In a letter to Wopke Hoekstra, the Dutch nominee to be EU climate commissioner, European Commission president Ursula von der Leyen said he should “intensify efforts” to present “an ambitious, forward looking strategy” for the technology when he takes up his role.

Hoekstra, the former Dutch foreign minister, is due to take over in October from the EU’s previous climate tsar, Frans Timmermans, who left the commission to run in the Dutch elections. The 47-year-old who was previously a partner at the McKinsey consulting group, also once worked for the oil company Shell.

In his new role, he will oversee discussions for the EU’s 2040 emissions reduction target. The European scientific advisory board on climate change has recommended EU emission reductions of 90-95 per cent by 2040, relative to 1990.

EU countries were already “deeply divided”, one diplomat said, over whether to update the bloc commitment to cut emissions from 55 per cent to 57 per cent by 2030.

The Intergovernmental Panel on Climate Change has said that to keep global warming within the 1.5C level at which irreversible changes are expected to the planet, emissions must be cut by 45 per cent by 2030.

Carbon capture, use and storage technology is unproven at scale. However, as global carbon emissions continue to rise to dangerous levels, countries and industries are looking towards it as a means of curbing climate change.

The EU first laid out a framework for the use of carbon emissions removal technology in November last year and has said it will publish a road map for how it can be used in heavy industry, such as steel and cement making, before the end of this year.

But some policymakers and climate scientists fear that it could be a way for heavy polluters to avoid having to cut their greenhouse gas output.

Von der Leyen has also been pushing heavily for a global carbon price, ahead of the EU’s own carbon border tax coming into force in October, which will affect the import of goods from the heavy polluting sectors including steel and cement.

A senior EU official said that carbon capture should only be an option for those heavy industries that were difficult to decarbonise. “Don’t use it where you have other cheap mitigation alternatives,” they said.
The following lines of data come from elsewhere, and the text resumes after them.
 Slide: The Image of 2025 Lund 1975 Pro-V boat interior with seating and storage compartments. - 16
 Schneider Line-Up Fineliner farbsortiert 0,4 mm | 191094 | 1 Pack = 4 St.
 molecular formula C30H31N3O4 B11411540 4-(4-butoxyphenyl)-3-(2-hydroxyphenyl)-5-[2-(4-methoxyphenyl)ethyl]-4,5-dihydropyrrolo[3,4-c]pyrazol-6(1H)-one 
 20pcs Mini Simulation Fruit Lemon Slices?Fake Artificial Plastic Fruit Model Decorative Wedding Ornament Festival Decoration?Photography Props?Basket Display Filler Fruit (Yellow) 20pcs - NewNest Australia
The issue has been raised as part of negotiations over the EU’s position for the UN COP28 summit in Dubai starting at the end of November. The bloc’s 27 member states are still debating whether to call for a phaseout of “unabated” fossil fuels, or those burnt without capturing the emissions, according to diplomats and a draft document on the EU’s negotiation position.

Countries including Poland and Italy were among those pushing to include the word “unabated”, according to one EU diplomat, as it would limit the pressure to end the consumption of fossil fuels completely.
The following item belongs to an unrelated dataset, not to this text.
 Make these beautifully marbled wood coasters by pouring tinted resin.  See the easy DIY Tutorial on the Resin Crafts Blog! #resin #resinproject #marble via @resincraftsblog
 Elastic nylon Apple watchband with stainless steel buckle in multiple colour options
Maria Pastukhova, senior policy adviser at the E3G think-tank, warned that “countries negotiating international language on ‘unabated’ fossil fuel phaseout need to push for rigorous, high-ambition standards” to ensure that commitments to reduce fossil fuel use were genuine.
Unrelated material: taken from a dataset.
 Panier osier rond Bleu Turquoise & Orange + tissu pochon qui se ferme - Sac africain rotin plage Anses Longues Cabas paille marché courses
Global leaders were gathered in Nairobi on Tuesday for the first-ever Africa Climate Summit to debate how to finance environmental initiatives in a resource-rich continent that has been at the forefront of damaging changing climate patterns.

The summit is part of a series of international talks in the lead-up to COP28, which climate campaigners hope will result in a global agreement to cut fossil fuel use.

Kenya’s president William Ruto told the Financial Times that Nairobi would support a fossil fuel phaseout by 2050 at COP28, even as some of its neighbours — notably Uganda and the Democratic Republic of Congo — were pushing for oil projects around environmentally sensitive areas.

“We have absolutely no problem with any country pushing the assets they have, just the same way we have chosen our country to go renewable, because renewable gives us an opportunity to access energy, but in a way that is responsible,” Ruto said.